== Exercise brief ==
Your answer must be an exact transcription of the data, with every picture omitted.

== Information shown ==
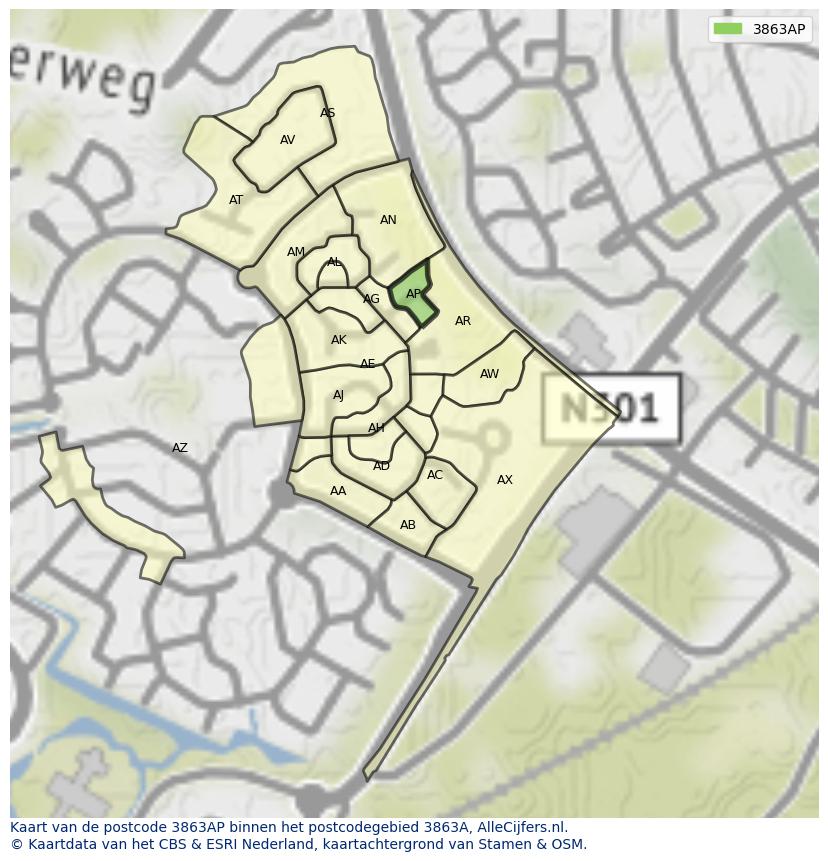 Afbeelding van het postcodegebied 3863 AP op de kaart.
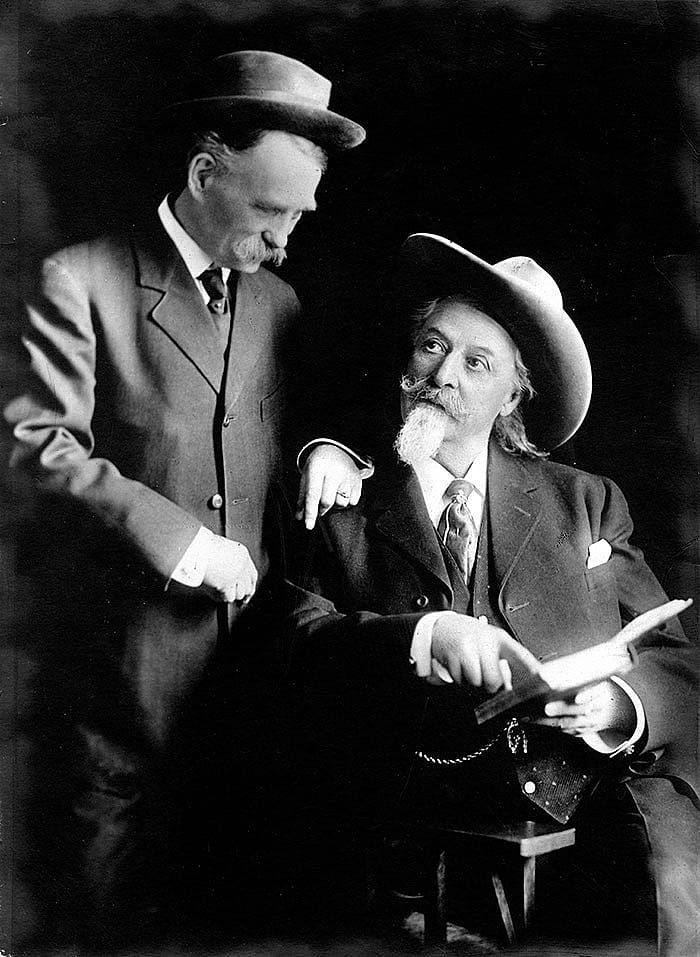 Cody with Dan Winget, about 1912. Winget penned several works about his friend Buffalo Bill. MS 6 William F. Cody Collection. P.69.736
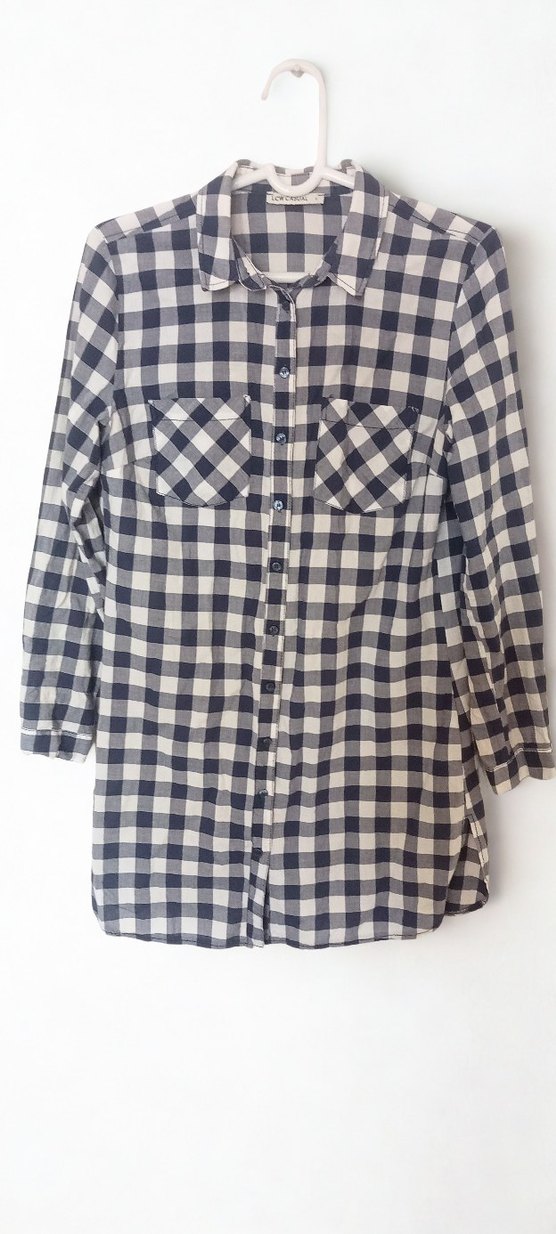 Gri Ekose Desenli Uzun Kollu Kadın Gömlek - Görsel 2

== Your response ==
 Afbeelding van het postcodegebied 3863 AP op de kaart.
 Cody with Dan Winget, about 1912. Winget penned several works about his friend Buffalo Bill. MS 6 William F. Cody Collection. P.69.736
 Gri Ekose Desenli Uzun Kollu Kadın Gömlek - Görsel 2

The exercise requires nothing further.